Directeur Fondateur du Studio des Arts Vivants, Fihr Kettani est avant tout un passionné de musique , de théâtre et de culture en général. Avec une école centrée sur les arts,  une galerie, un théâtre, Fihr Kettani fait le lien entre l’enseignement artistique et la magie de la scène. Face à face.

  1. Comment est née l’idée de créer le Studio des Arts Vivants ?                                   

Une passion ardente pour le chant m’a conduit pendant mes années d’étude a l’étranger a fréquenter des écoles de chants et d’arts scéniques. Ces écoles de haut niveau présentaient des pédagogies efficaces, axées sur un apprentissage par le plaisir et l’épanouissement personnel. Une fois de retour au Maroc, j’ai pu très vite constater d’une part, la soif importante et grandissante des Casablancais pour les arts et la culture et d’autre part l’offre culturelle de l’époque qui offrait de la place pour de nouveaux projets.  C’est ainsi que l’idée de créer un centre artistique pluridisciplinaire où les arts foisonnent a commencé a germer… Un lieu consacré aux artistes qui leur offrira les moyens de se perfectionner, de se ressourcer, de transmettre, de créer et de se rencontrer.

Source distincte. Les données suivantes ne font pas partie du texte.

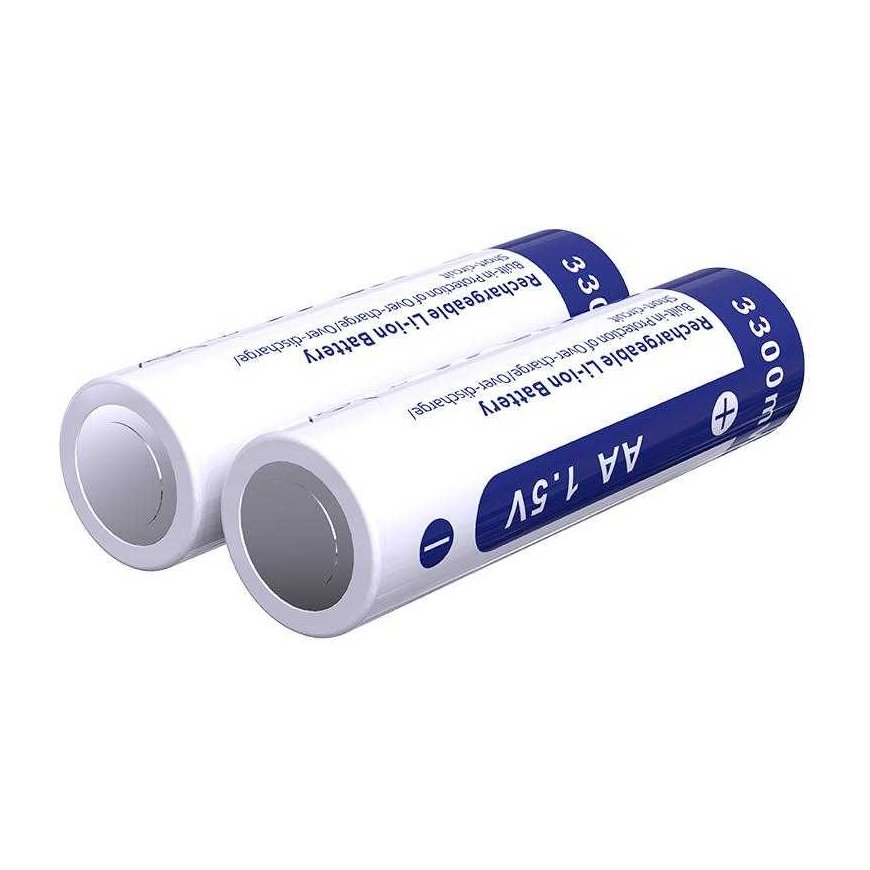 R06 / AA 1.5 V Xtar 2200 mAh batteries (box of 4) with protection – 2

Un espace totalement pensé et dédié à l’art dans toutes ses formes allant de l’enseignement artistique par ses écoles d’arts de la scène et d’art plastiques, à la production artistique par son studio d’enregistrement, ses ateliers d’art plastiques et ses espaces de répétition et à la diffusion artistique à travers sa salle de théâtre et sa galerie d’art contemporain. 

Un lieu où la qualité des infrastructures, des équipements et des méthodes d’enseignement que j’avais expérimentés dans le passé seraient proposés.   L’idée, petit à petit se transformait en rêve, un rêve dont la force, accompagnée du soutien indéfectible de ma famille et des belles rencontres professionnelles que j’ai eu la chance de faire, ont permis la réalisation. 

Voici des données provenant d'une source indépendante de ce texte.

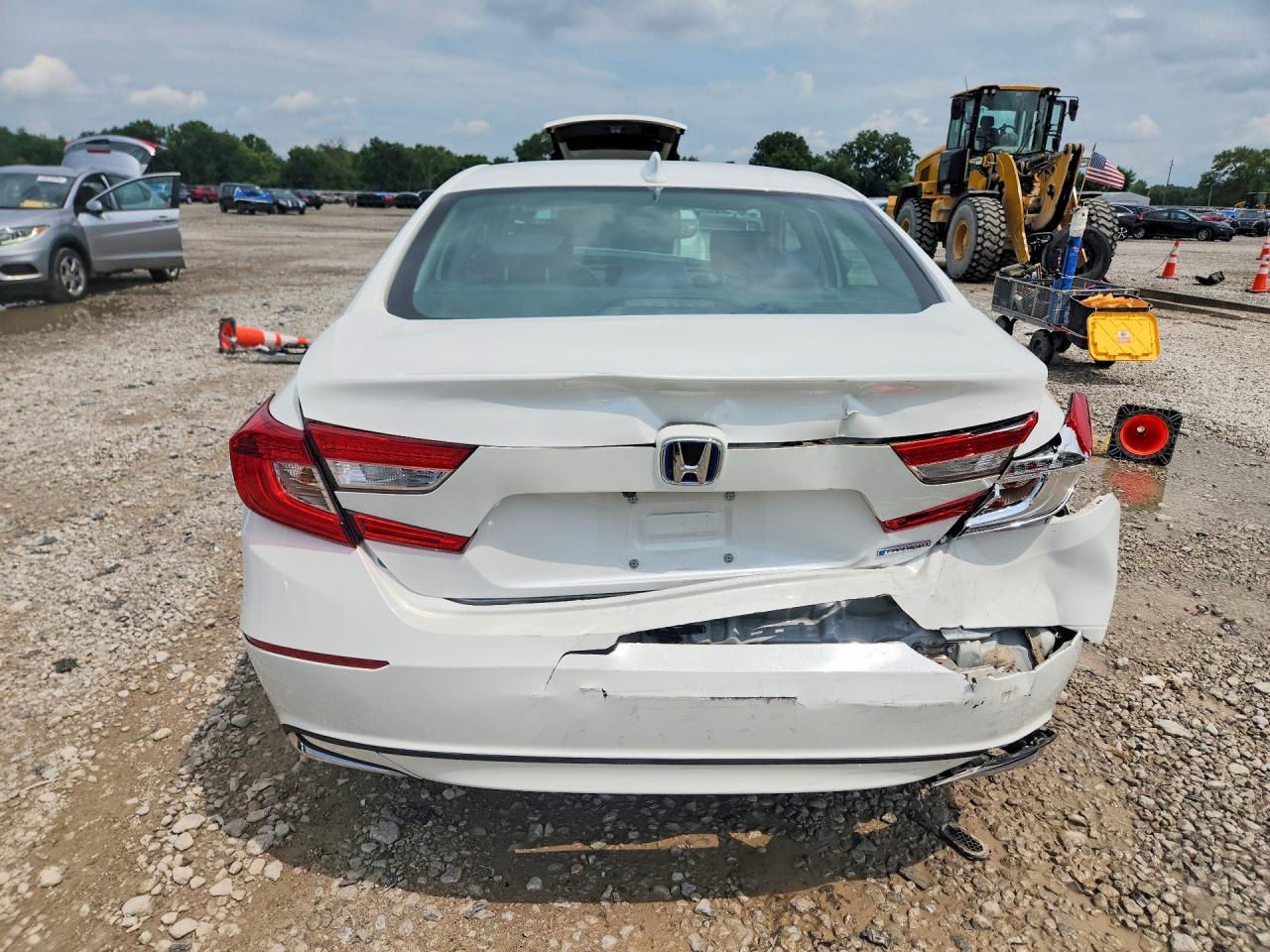 2021 Honda Accord Hybrid - zdjęcie 6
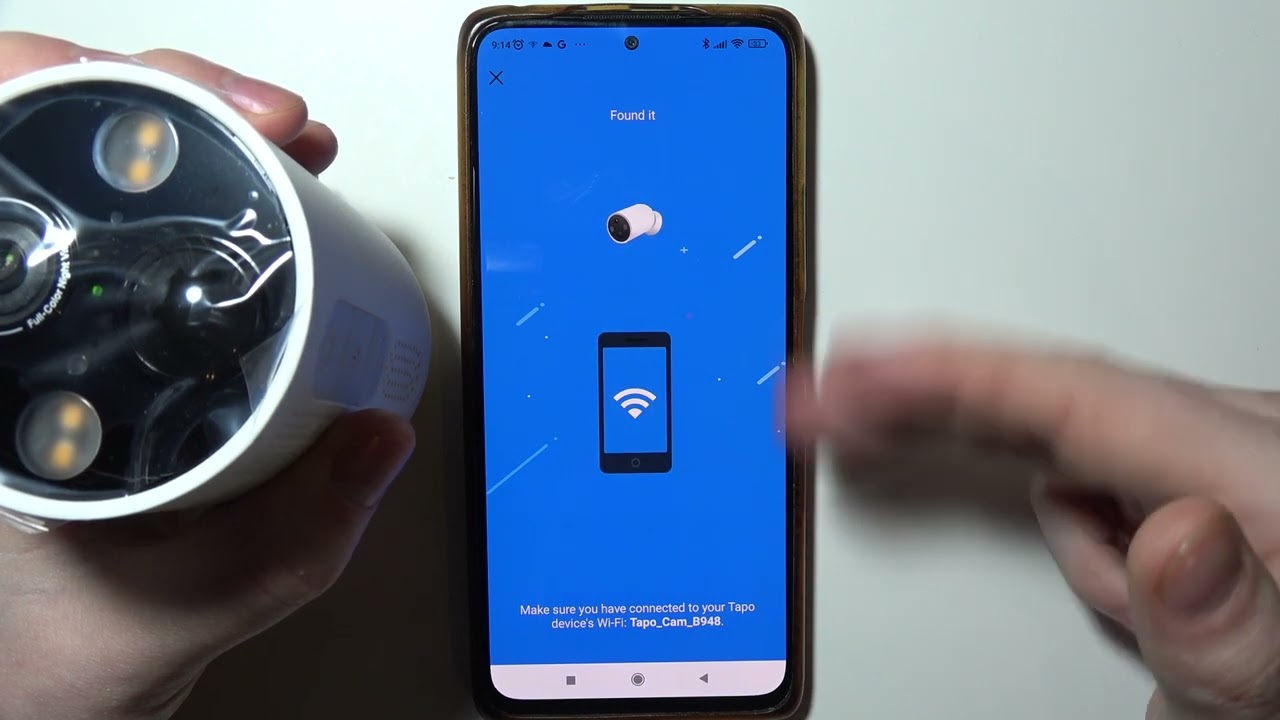 Tapo C425: How to Connect with WiFi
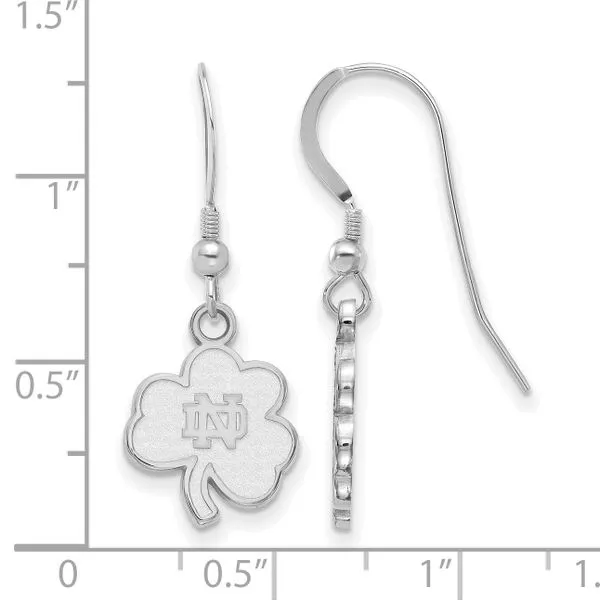 Collegiate University of Notre Dame Earrings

      2. Comment avez-vous eu  l’idée de placer la culture au centre de l’éducation des enfants?  

L’école classique se charge en grande partie de la transmission des savoirs aux enfants et on peut constater que la part de ses programmes pédagogiques accordée aux enseignements artistiques est encore bien faible. 

L’enseignement artistique para scolaire est par conséquent une très bonne solution complémentaire à l’école classique. 

L’expérience artistique est la rencontre la plus naturelle entre l’enfant et la culture, entre l’enfant et sa propre culture, celle qui lui permettra de s’exprimer et de s’émanciper. 

La culture est en effet centrale dans l’éducation de l’enfant car elle est en quelque sorte, sa « clé du monde » dans lequel il entre et évolue, elle sera garante de sa sociabilité, de sa bonne insertion future dans la société et de son épanouissement personnel et donc de sa liberté. 

Il serait pour cela intéressant de faire collaborer d’avantage les écoles et les organismes artistiques et culturels, en ouvrant une porte pour ces derniers dans les écoles et en faisant venir les écoles dans leur organisme. 

3. Avant Corona, comment pensez-vous votre programmation culturelle ? Vous êtes à la fois une galerie bien en place et un théâtre de référence. 

Avant cette crise inimaginable, notre programmation culturelle pour le théâtre et pour la galerie était élaborée en considération de plusieurs paramètres.

Concernant notre théâtre, je peux vous décrire la phase TRES agréable de l’élaboration de la programmation théâtrale du Studio, bien que mon épouse aurait été mieux placée que moi pour en parler puisqu’elle a lancé et dirigé avec succès le théâtre du studio pendant de nombreuses années. 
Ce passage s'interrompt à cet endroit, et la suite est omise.